El OUTSOURCING o FACILITY MANAGEMENT deviene en que la designación de recursos en
cantidad y especialización son asignados a empresas que se dedican específicamente
a ello, por lo que tienen a su cargo la administración, ejecución y control de los
proyectos, esto último, compartido con funcionarios jerárquicos de las empresas
contratantes.
Con esta modalidad, las empresas contratantes aseguran la ejecución de sus proyectos
por intermedio de terceros especializados en materias diversas como pueden ser la
Administración de Redes, la Operación de Centros de Cómputos, el Soporte a Usuarios, etc.

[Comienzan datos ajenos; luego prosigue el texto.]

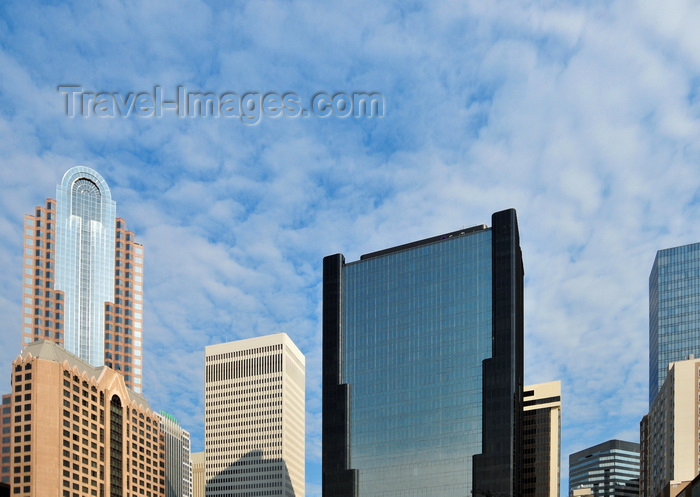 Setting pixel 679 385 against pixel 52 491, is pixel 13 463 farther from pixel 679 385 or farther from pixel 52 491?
pixel 679 385

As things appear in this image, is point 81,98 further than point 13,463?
No

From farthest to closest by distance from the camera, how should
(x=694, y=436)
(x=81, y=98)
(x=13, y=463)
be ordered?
(x=13, y=463)
(x=694, y=436)
(x=81, y=98)

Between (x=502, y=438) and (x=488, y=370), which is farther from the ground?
(x=488, y=370)

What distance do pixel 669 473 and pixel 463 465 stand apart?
45.8 m

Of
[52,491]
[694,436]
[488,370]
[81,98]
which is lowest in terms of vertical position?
[52,491]

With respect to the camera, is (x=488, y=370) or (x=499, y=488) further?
(x=488, y=370)

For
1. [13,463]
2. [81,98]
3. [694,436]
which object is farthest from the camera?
[13,463]

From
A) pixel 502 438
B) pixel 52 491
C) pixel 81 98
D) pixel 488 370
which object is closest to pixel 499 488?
pixel 502 438

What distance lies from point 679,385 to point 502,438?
4092cm

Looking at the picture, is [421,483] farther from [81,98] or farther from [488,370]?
[81,98]

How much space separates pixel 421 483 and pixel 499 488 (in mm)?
20187

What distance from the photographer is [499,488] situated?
187m

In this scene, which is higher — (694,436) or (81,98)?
(81,98)

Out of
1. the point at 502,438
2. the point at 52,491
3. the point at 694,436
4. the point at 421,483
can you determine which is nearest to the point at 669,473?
the point at 694,436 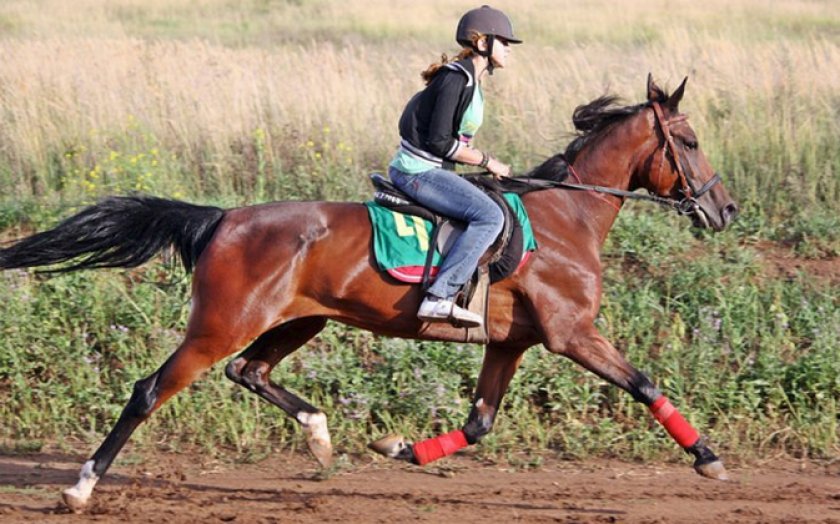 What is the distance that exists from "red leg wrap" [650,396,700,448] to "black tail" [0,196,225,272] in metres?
2.54

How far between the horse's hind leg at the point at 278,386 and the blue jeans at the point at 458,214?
98 centimetres

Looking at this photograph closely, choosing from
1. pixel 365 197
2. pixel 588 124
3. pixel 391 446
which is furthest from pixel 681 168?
pixel 365 197

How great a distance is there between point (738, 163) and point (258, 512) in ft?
19.8

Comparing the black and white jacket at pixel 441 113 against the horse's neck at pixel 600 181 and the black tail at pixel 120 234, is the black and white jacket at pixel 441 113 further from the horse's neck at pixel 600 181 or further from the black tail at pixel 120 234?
the black tail at pixel 120 234

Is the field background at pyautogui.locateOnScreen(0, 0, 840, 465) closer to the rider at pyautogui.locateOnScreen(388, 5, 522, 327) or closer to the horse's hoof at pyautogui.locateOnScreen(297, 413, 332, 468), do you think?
the horse's hoof at pyautogui.locateOnScreen(297, 413, 332, 468)

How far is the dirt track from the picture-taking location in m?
6.08

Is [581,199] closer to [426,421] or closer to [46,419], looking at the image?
[426,421]

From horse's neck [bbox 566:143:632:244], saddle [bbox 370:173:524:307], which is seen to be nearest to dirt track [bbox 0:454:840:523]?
saddle [bbox 370:173:524:307]

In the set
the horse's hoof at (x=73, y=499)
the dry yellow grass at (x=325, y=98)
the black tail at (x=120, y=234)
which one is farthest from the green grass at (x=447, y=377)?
the dry yellow grass at (x=325, y=98)

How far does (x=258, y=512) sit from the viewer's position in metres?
6.19

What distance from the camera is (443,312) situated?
5.97 metres

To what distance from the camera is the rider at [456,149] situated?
5977mm

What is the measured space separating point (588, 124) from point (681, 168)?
23.8 inches

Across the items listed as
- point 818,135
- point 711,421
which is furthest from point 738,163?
point 711,421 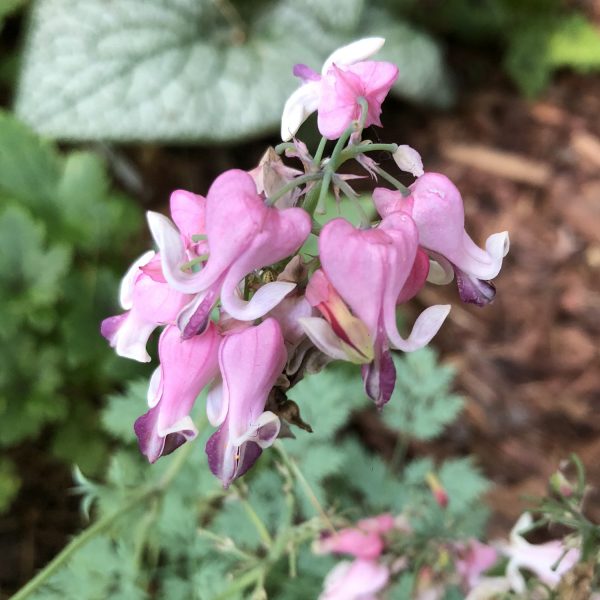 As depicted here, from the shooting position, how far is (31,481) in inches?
82.6

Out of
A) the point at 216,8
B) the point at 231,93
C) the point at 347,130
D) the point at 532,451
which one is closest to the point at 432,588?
the point at 347,130

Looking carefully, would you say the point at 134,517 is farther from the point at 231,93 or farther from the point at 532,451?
the point at 231,93

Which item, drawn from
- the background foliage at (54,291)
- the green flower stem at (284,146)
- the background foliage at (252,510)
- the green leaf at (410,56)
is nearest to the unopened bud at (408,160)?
the green flower stem at (284,146)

Los servicios sujetos al OUTSOURCING o FACILITY MANAGEMENT abarcan hoy los más
diversos ámbitos de la informática, incluso para aquellos que algún tiempo atrás
se los consideraba estratégicos y debían ser soportados por estructuras propias
de las organizaciones.
Por otra parte, cuanto mayor es el plazo de contratación de estos servicios, se
tiende a realizar una economía en escala que impacta directamente sobre los valores
mensuales de los mismos, generando a su vez un beneficio adicional para las compañías
contratantes.
PROGRES S.A. está en condiciones de brindar estos servicios, ya sea por estar
claramente predefinido por los clientes o bien colaborando con estos en determinar
cuáles son sus necesidades y alternativas de solución posibles.